##### Data provided #####
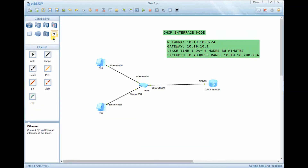Welcome. Let's discuss DHCP. As we know, DHCP is a protocol that automates the assignment of IP addresses. So if you have a large number of PCs or network nodes, you can use DHCP to provide automatic IP addresses to those devices.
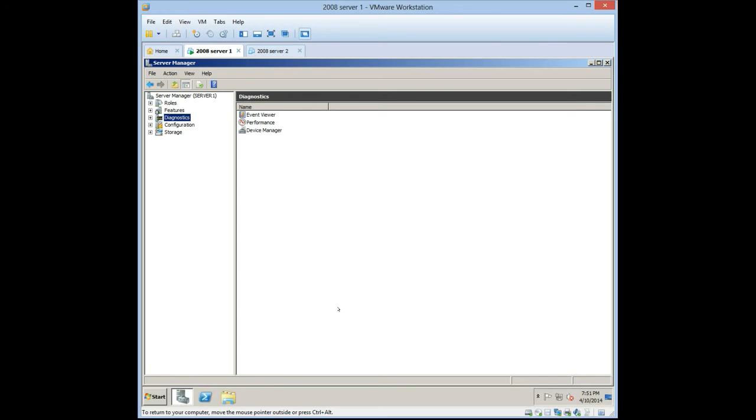So you need a computer that has IDE ATA drives, and then you log in with admin privileges.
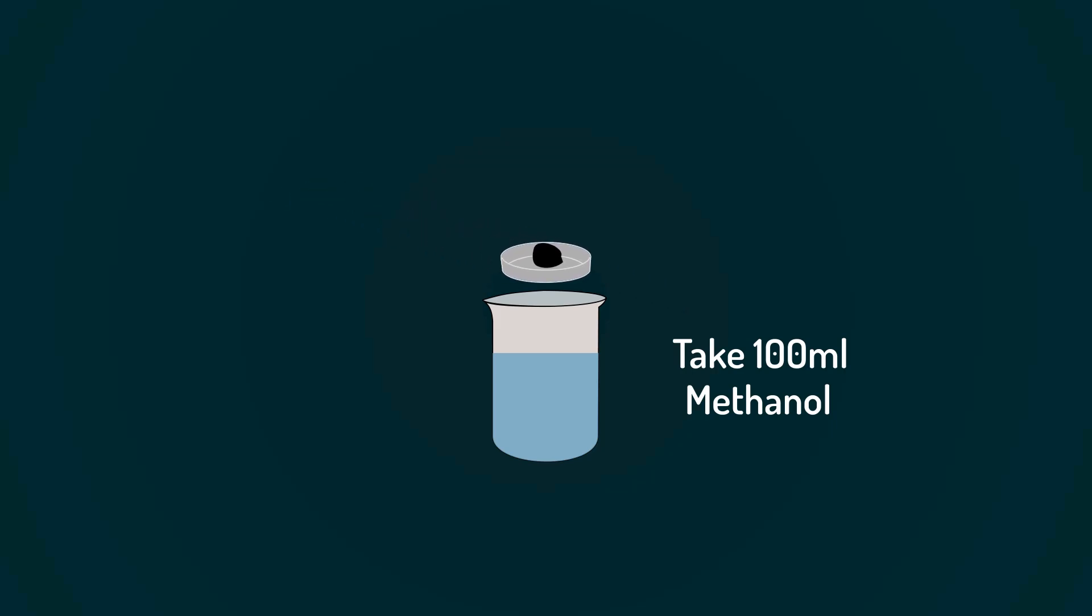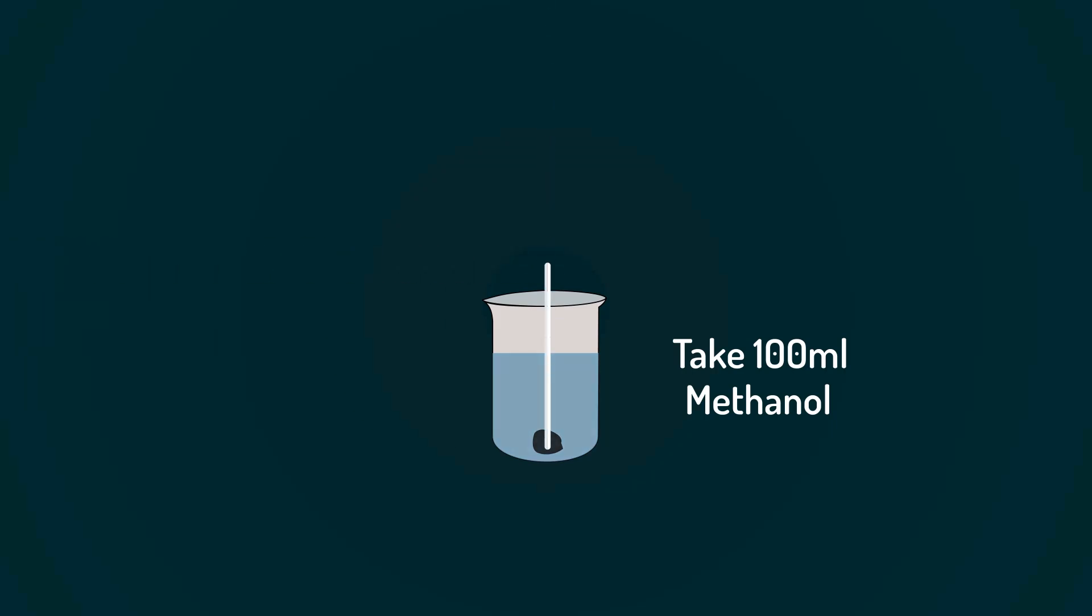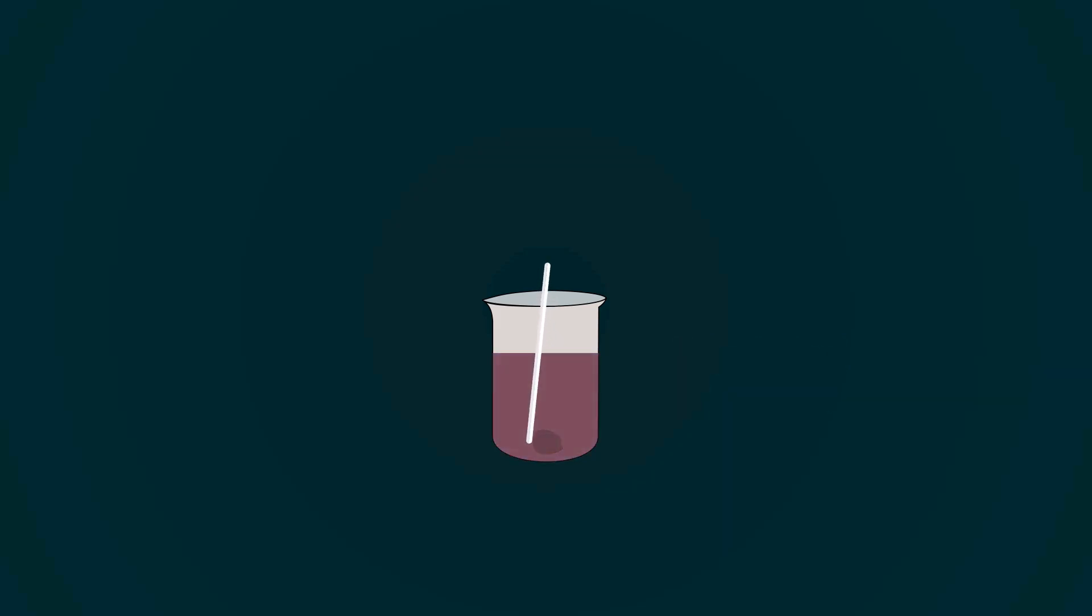Add measured chemical into the beaker. Mix it with the help of spatula. Make sure to make it homogeneous.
#####
■ What you will do:
Type the lines above out again exactly as they appear, skipping every picture.

■ Answer area:
Welcome. Let's discuss DHCP. As we know, DHCP is a protocol that automates the assignment of IP addresses. So if you have a large number of PCs or network nodes, you can use DHCP to provide automatic IP addresses to those devices.
So you need a computer that has IDE ATA drives, and then you log in with admin privileges.
Add measured chemical into the beaker. Mix it with the help of spatula. Make sure to make it homogeneous.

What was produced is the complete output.